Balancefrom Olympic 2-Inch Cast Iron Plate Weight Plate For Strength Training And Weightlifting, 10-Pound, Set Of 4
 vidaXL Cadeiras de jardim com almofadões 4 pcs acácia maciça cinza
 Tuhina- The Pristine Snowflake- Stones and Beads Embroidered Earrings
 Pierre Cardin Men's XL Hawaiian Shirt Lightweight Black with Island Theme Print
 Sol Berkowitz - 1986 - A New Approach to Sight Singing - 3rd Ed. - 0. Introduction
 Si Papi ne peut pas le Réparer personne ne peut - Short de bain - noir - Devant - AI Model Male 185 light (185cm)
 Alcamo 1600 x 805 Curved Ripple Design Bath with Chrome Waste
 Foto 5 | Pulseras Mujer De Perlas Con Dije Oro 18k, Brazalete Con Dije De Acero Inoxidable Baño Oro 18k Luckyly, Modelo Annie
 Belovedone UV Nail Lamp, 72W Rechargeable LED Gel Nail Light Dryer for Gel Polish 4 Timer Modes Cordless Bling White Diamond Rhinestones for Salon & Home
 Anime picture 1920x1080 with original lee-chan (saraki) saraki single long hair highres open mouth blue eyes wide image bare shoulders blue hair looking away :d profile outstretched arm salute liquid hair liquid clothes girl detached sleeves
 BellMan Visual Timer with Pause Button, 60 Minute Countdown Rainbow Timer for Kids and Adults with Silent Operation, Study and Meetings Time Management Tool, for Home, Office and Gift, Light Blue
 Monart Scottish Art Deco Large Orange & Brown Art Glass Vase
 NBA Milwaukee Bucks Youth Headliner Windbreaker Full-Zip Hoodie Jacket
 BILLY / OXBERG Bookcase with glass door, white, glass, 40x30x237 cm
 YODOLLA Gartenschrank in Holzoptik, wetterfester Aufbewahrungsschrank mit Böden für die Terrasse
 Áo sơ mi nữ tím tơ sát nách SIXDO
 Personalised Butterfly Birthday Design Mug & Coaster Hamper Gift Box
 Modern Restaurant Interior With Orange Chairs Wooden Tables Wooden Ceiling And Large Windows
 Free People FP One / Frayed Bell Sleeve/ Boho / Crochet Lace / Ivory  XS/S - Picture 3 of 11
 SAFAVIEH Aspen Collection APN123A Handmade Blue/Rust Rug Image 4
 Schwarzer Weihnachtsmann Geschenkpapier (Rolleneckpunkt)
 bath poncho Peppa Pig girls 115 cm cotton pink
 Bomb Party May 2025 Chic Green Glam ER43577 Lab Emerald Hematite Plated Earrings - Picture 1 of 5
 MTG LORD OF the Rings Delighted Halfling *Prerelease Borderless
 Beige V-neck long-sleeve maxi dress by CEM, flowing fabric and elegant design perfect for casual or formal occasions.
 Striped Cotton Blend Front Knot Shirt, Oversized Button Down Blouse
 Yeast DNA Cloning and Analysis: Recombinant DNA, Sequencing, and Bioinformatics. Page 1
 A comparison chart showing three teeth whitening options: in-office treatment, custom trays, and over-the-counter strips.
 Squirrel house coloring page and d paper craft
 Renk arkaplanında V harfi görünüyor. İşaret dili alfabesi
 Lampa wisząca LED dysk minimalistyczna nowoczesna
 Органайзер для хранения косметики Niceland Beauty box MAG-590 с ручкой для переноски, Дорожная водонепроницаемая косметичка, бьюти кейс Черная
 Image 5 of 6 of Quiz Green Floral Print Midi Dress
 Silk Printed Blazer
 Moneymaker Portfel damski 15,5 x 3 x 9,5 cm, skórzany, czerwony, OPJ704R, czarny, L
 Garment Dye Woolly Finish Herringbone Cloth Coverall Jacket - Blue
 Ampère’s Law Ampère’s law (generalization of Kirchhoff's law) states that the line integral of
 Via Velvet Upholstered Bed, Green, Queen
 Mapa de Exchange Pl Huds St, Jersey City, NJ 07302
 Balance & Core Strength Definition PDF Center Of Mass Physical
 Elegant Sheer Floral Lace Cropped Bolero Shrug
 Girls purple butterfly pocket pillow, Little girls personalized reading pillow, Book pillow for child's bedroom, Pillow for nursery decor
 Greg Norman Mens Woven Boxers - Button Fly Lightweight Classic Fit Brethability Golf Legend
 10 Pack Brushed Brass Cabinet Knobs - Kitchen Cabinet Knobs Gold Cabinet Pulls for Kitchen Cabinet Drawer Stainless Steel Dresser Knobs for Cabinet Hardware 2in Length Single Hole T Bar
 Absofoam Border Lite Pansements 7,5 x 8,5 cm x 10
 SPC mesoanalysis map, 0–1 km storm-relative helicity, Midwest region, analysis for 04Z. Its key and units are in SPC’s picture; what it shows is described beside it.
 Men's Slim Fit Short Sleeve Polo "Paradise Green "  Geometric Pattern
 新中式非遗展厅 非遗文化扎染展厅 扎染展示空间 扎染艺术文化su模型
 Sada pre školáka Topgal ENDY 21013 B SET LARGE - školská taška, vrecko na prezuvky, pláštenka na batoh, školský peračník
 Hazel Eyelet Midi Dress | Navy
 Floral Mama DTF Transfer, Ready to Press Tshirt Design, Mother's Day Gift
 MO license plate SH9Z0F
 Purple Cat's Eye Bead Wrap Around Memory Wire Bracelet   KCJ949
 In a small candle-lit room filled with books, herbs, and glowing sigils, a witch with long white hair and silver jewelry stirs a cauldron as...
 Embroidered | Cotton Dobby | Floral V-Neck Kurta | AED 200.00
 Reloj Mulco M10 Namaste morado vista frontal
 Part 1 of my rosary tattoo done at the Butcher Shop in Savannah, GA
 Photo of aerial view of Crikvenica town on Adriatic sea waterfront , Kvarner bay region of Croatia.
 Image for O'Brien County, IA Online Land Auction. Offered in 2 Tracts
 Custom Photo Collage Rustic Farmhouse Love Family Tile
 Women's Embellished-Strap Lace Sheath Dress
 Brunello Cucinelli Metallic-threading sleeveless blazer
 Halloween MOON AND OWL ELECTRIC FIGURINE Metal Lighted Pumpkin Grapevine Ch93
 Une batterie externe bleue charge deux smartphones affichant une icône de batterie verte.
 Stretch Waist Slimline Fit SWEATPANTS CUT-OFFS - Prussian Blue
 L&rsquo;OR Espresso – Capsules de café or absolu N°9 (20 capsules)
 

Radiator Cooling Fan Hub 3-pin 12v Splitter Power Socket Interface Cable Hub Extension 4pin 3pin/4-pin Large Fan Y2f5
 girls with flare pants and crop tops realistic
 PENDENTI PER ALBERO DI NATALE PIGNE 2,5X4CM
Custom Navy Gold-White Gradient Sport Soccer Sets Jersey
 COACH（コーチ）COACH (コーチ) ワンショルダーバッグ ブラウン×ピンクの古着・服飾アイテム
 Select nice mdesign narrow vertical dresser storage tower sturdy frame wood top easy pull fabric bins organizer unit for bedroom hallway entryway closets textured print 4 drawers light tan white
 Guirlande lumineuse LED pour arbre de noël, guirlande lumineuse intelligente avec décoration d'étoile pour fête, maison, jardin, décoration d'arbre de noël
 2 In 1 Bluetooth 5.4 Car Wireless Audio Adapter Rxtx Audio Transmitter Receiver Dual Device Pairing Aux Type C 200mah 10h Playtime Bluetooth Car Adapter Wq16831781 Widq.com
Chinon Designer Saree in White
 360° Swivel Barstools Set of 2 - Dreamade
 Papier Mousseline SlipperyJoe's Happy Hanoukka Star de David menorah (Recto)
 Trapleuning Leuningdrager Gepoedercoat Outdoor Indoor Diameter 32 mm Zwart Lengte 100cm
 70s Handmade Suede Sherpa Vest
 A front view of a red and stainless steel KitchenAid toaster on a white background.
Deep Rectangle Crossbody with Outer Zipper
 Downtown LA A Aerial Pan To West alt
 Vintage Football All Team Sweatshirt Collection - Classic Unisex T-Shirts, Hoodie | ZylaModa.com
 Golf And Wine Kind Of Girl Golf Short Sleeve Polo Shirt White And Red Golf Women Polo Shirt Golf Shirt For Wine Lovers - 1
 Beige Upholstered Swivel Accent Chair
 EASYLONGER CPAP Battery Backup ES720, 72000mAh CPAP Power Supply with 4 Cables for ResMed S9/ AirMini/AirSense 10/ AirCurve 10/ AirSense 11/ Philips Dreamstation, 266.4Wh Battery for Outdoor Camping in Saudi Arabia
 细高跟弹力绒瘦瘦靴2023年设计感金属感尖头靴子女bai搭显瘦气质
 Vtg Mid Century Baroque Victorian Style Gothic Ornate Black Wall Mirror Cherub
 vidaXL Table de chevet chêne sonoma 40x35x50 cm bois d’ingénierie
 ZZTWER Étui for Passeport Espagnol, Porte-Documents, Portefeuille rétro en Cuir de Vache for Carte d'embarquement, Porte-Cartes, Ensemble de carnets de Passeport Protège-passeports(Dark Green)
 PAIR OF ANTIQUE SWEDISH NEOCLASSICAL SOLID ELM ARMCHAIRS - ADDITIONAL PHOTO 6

# # #

Where a line in the listing above includes the string "Timer", copy that line.

 Belovedone UV Nail Lamp, 72W Rechargeable LED Gel Nail Light Dryer for Gel Polish 4 Timer Modes Cordless Bling White Diamond Rhinestones for Salon & Home
 BellMan Visual Timer with Pause Button, 60 Minute Countdown Rainbow Timer for Kids and Adults with Silent Operation, Study and Meetings Time Management Tool, for Home, Office and Gift, Light Blue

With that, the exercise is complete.